::: Records to process

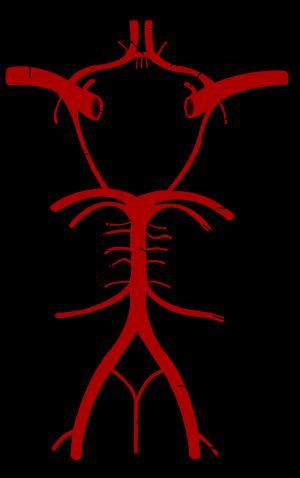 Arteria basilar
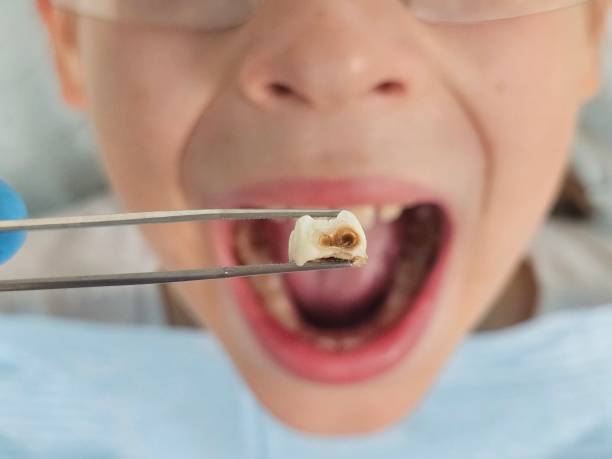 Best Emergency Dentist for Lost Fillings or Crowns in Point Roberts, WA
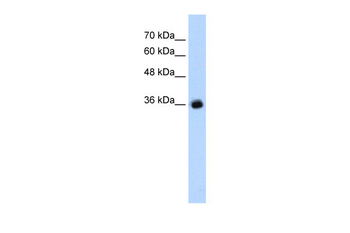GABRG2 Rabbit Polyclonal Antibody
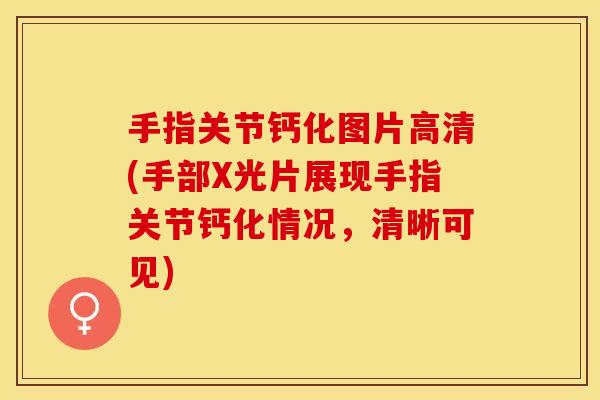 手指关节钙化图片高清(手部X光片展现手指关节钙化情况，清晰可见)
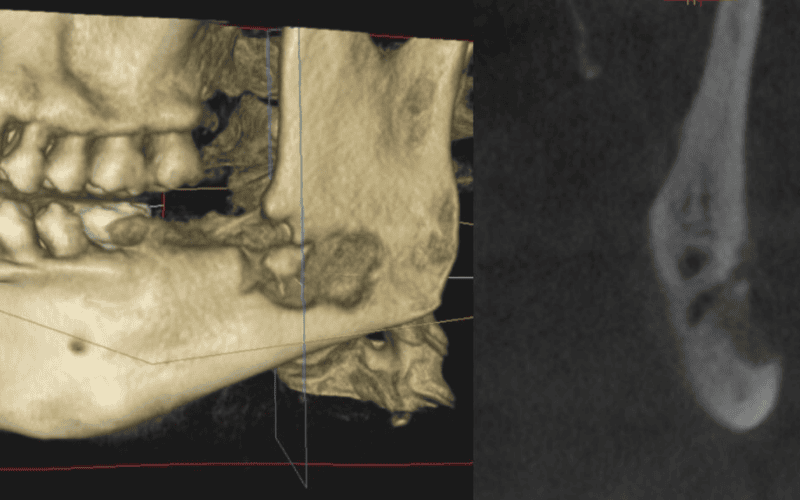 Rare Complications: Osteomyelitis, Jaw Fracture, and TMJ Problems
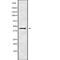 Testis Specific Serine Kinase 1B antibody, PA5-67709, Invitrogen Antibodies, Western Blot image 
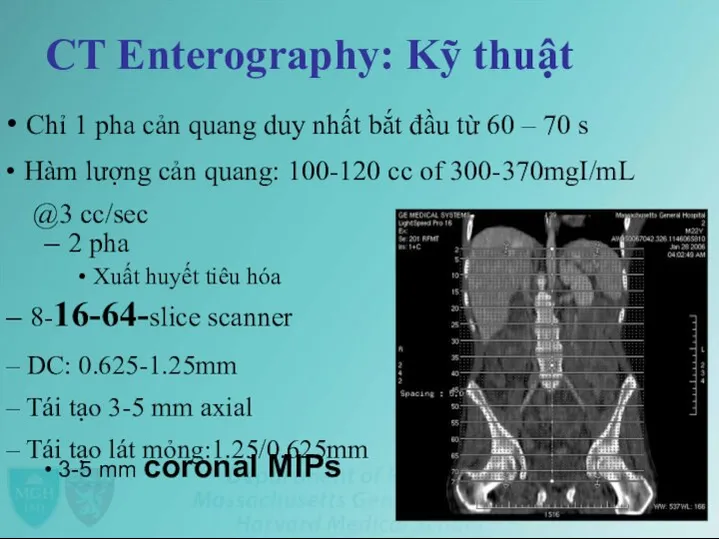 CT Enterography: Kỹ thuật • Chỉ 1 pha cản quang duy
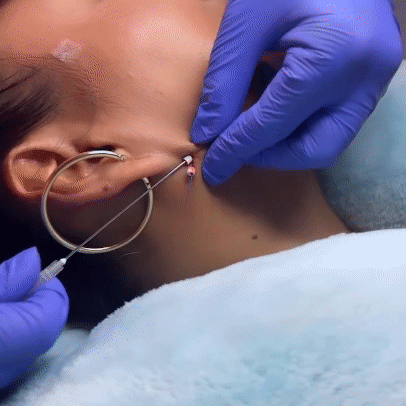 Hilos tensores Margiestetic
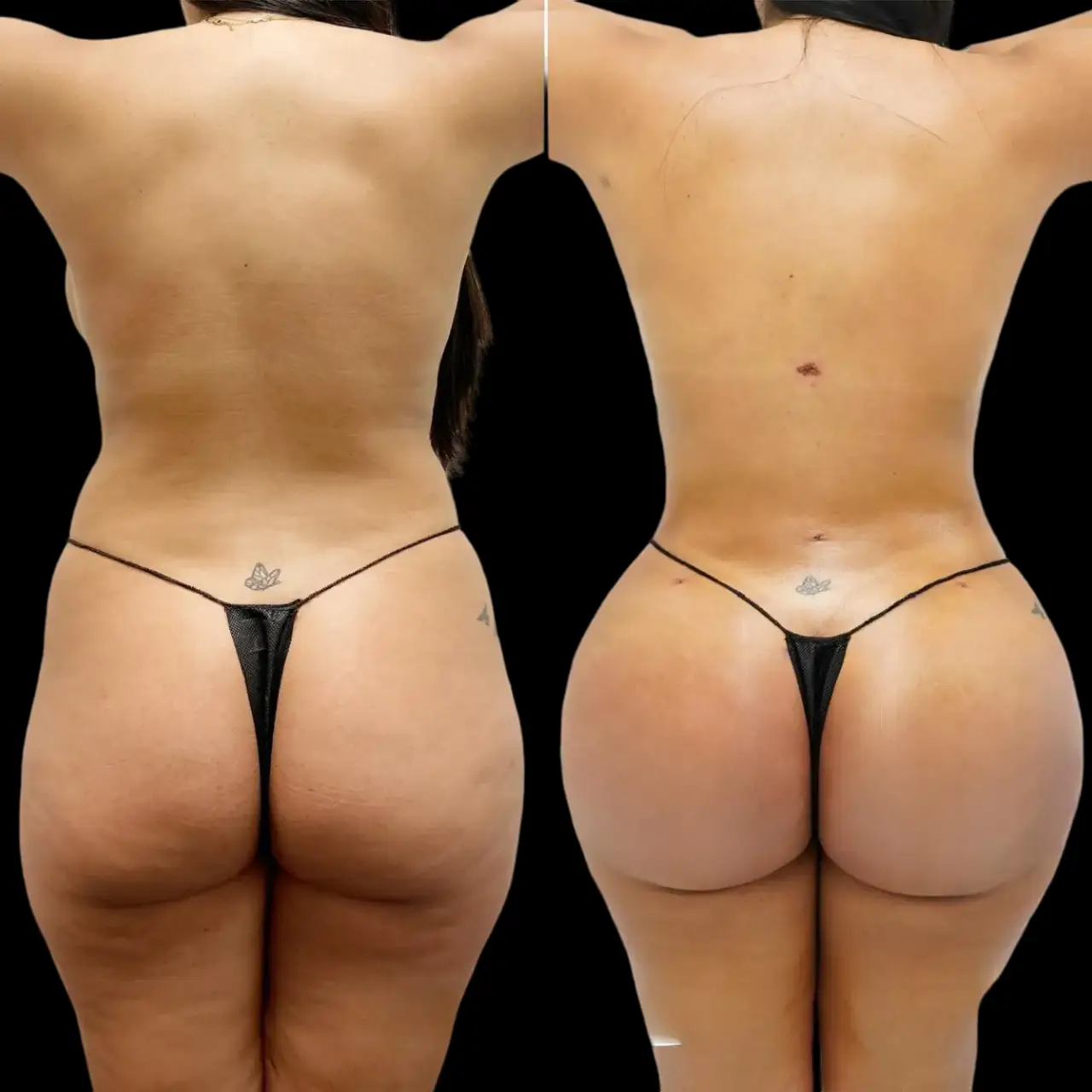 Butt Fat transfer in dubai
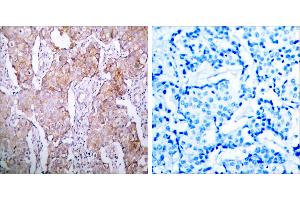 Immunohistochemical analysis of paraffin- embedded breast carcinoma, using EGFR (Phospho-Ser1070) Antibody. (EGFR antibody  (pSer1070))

::::::
::: Records to process

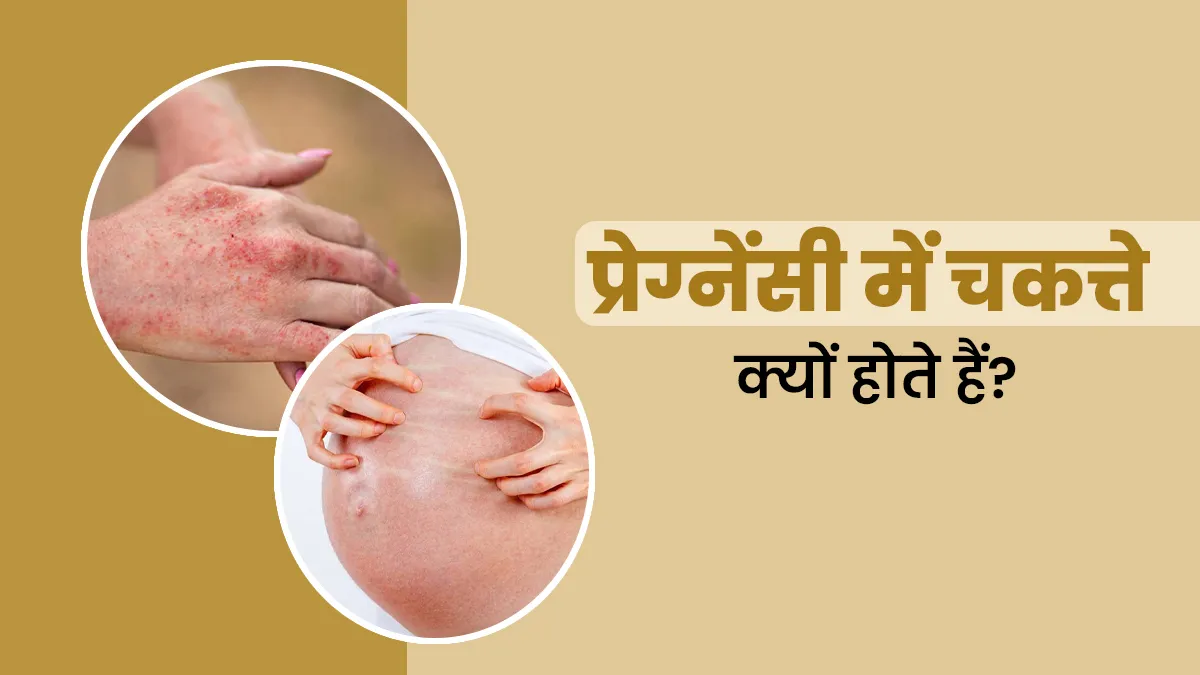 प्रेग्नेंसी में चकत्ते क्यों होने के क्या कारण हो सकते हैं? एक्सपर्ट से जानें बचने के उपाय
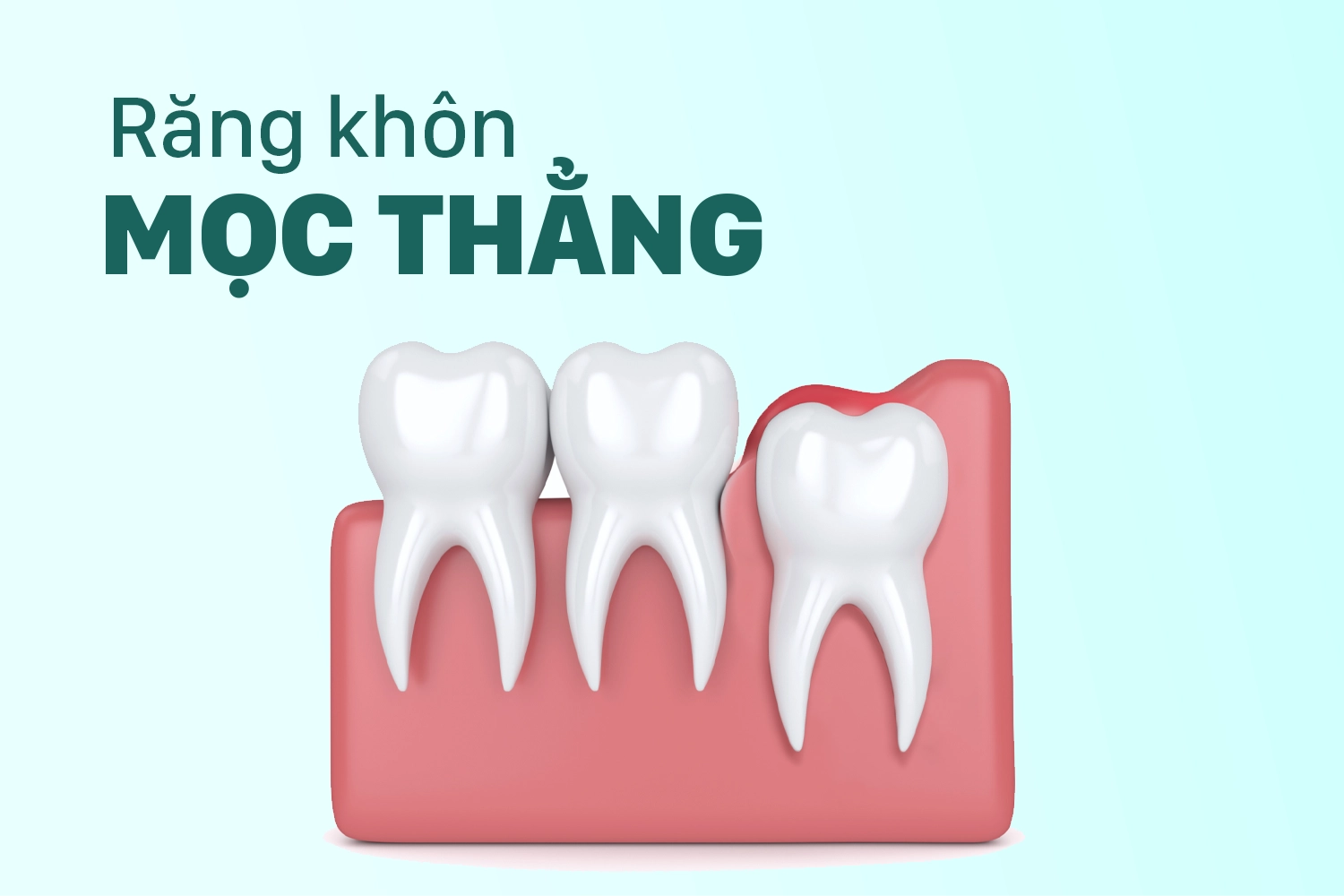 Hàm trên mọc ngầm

::::::

_Work to be completed_
Start with the line above containing "Testis Specific Serine" and end with the line containing "Immunohistochemical analysis of". Set down that stretch exactly, without any pictures.

_Exercise output_
 Testis Specific Serine Kinase 1B antibody, PA5-67709, Invitrogen Antibodies, Western Blot image 
 CT Enterography: Kỹ thuật • Chỉ 1 pha cản quang duy
 Hilos tensores Margiestetic
 Butt Fat transfer in dubai
 Immunohistochemical analysis of paraffin- embedded breast carcinoma, using EGFR (Phospho-Ser1070) Antibody. (EGFR antibody  (pSer1070))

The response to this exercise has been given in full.